WORK REQUEST
Repeat only the lines from the one containing "东莞市上市公司协会第四届同沙" to the final line below, exactly as they read, and leave every picture out.

GIVEN MATERIAL
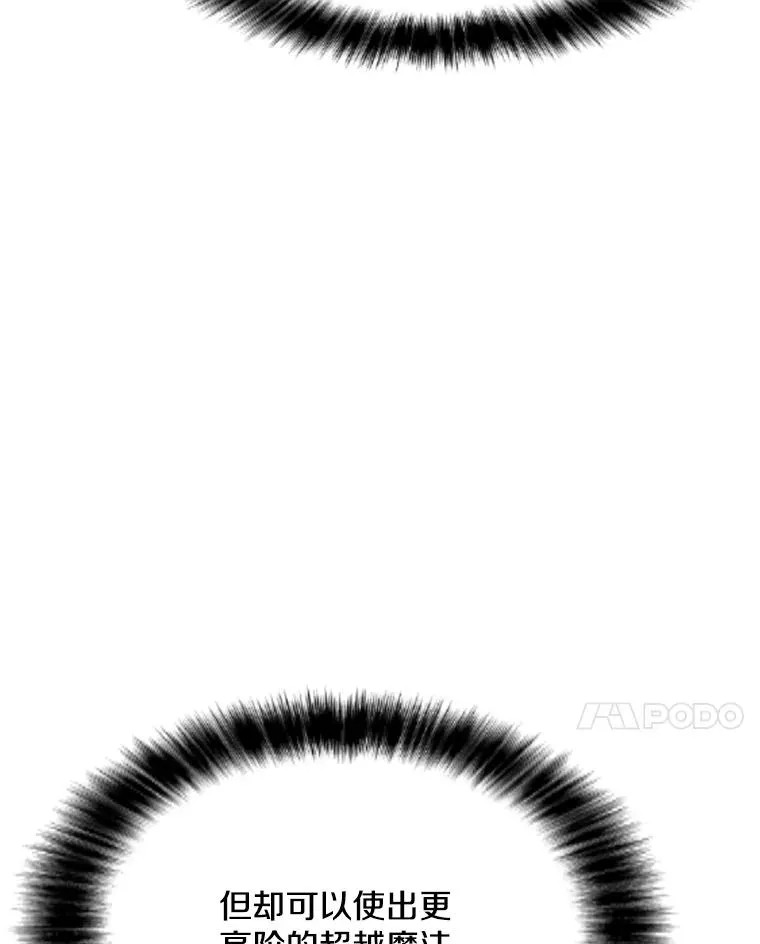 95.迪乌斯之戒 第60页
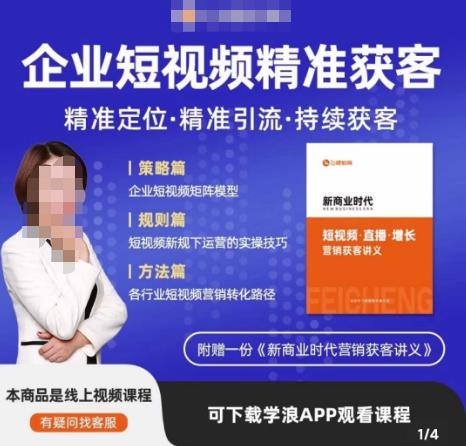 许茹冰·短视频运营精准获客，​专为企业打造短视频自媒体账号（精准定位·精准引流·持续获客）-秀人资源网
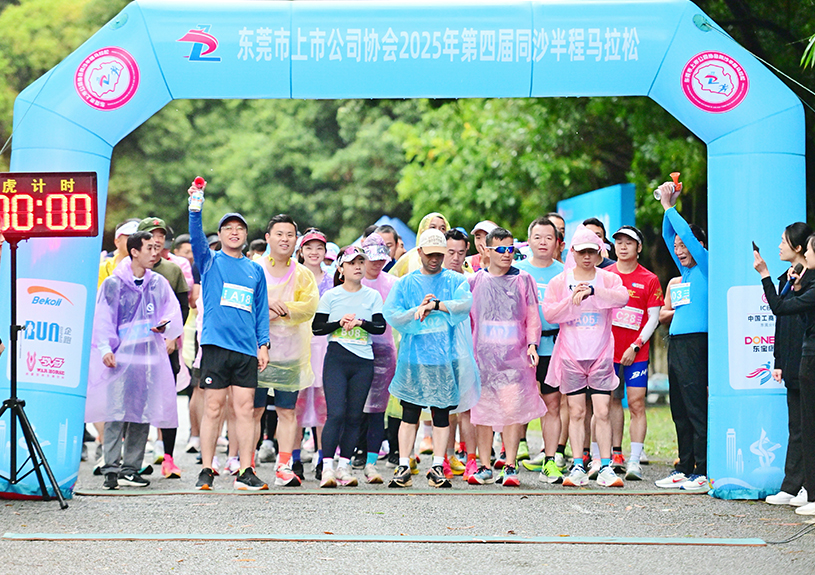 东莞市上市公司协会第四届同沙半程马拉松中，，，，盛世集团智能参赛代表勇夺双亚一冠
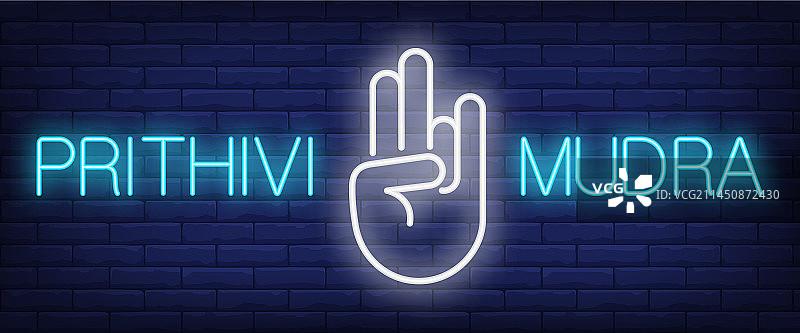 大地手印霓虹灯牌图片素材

RESPONSE BELOW
 东莞市上市公司协会第四届同沙半程马拉松中，，，，盛世集团智能参赛代表勇夺双亚一冠
 大地手印霓虹灯牌图片素材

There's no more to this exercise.